Omar Zain al-Abideen sublinhou, no entanto, que o ministro da Defesa será um membro do exército e que os militares também vão "participar na nomeação do ministro do Interior".
O general também confirmou que o Presidente deposto está "atualmente detido". "A nossa principal missão é preservar a segurança e a estabilidade do país", disse Zain al-Abideen, afirmando que o exército "não permitirá qualquer violação de segurança" em todo o território do Sudão. Prometeu ainda que os militares não ficarão no poder mais de dois anos.
Milhares de manifestantes nas ruas
Na manhã desta sexta-feira (12.04), milhares de manifestantes acamparam à porta do Ministério da Defesa, em Cartum, para exigir a formação de um governo civil, desafiando o recolher obrigatório imposto no dia anterior. Opõem-se à criação de um conselho militar de transição e prometeram continuar os protestos até que seja estabelecido um governo civil.
Populares e ativistas montaram grandes tendas nas imediações do ministério. "As pessoas trouxeram comida e distribuíram água entre a multidão" que se aglomerou no local, descreve a agência Reuters.
A Associação de Profissionais do Sudão (SPA), que tem sido uma importante força na organização dos protestos contra Bashir, pediu aos manifestantes para continuarem nas ruas. A porta-voz da SPA, Sara Abdelgalil, disse à DW que a sua organização rejeita um regime militar, que apenas "recicla os mesmos membros do regime".
Os protestos iniciados em dezembro, inicialmente motivados pelo aumento do preço do pão e de outros bens essenciais, acabaram por transformar-se num movimento contra Omar al-Bashir, que liderava o país desde 1989, quando chegou ao poder através de um golpe de Estado.
Especialistas das Nações Unidas condenaram, entretanto, o "excesso de força" utilizado contra manifestantes durante os protestos no Sudão, tendo também apelado ao conselho militar que está a ser formado para que "responda às queixas legítimas do povo".
Os especialistas mencionaram também detenções em larga escala e agressões contra jornalistas pelas forças de segurança sudanesas. "Neste momento de crise, o exercício de direitos de liberdade de expressão e de reunião pacífica devem ser protegidos e garantidos", afirmaram os representantes especiais das Nações Unidas para os direitos de liberdade de reunião e de associação, Clement Nyaletsossi Voule, e para a promoção e proteção do direito à liberdade de opinião e expressão, David Kaye.
UE apela a transição para regime civil
A União Europeia (UE) reiterou esta sexta-feira (12.04) o apelo à cessação da violência no Sudão.

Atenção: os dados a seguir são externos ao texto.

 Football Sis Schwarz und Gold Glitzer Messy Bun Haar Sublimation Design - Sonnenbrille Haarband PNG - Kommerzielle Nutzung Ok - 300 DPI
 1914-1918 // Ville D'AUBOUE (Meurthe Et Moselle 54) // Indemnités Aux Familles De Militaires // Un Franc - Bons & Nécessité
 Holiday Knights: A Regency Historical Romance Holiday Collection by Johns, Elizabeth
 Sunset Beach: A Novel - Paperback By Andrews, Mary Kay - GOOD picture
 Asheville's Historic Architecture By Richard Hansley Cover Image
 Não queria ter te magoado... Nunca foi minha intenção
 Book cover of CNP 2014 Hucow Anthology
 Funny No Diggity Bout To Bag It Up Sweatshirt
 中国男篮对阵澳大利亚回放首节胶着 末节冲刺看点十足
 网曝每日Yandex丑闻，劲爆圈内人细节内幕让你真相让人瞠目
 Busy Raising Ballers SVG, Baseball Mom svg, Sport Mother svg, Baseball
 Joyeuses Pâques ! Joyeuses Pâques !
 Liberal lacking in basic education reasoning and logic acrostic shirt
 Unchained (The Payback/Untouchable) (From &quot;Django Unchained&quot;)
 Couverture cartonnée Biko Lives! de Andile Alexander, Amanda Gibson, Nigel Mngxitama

A porta-voz para os Negócios Estrangeiros, Maja Kocijancic, salientou a "necessidade de uma transição para um Governo civil", lembrando que "só um processo político credível e inclusivo pode responder às aspirações do povo sudanês".
A porta-voz remeteu ainda para uma declaração divulgada pelos 28, que apelam "a todas as partes para abandonarem a via do conflito" e salientam que "só um processo político credível e inclusivo pode responder às aspirações do povo sudanês".
O presidente da Comissão da União Africana (UA), Moussa Faki Mahamat, condenou o golpe de quinta-feira, que diz "não ser a resposta apropriada". Em comunicado, o responsável lembrou a Declaração de Lomé, de 2000, que "condena fortemente qualquer mudança de Governo de forma inconstitucional e que coloca os Estados-membros a respeitar o Estado de Direito, os princípios democráticos e os direitos humanos".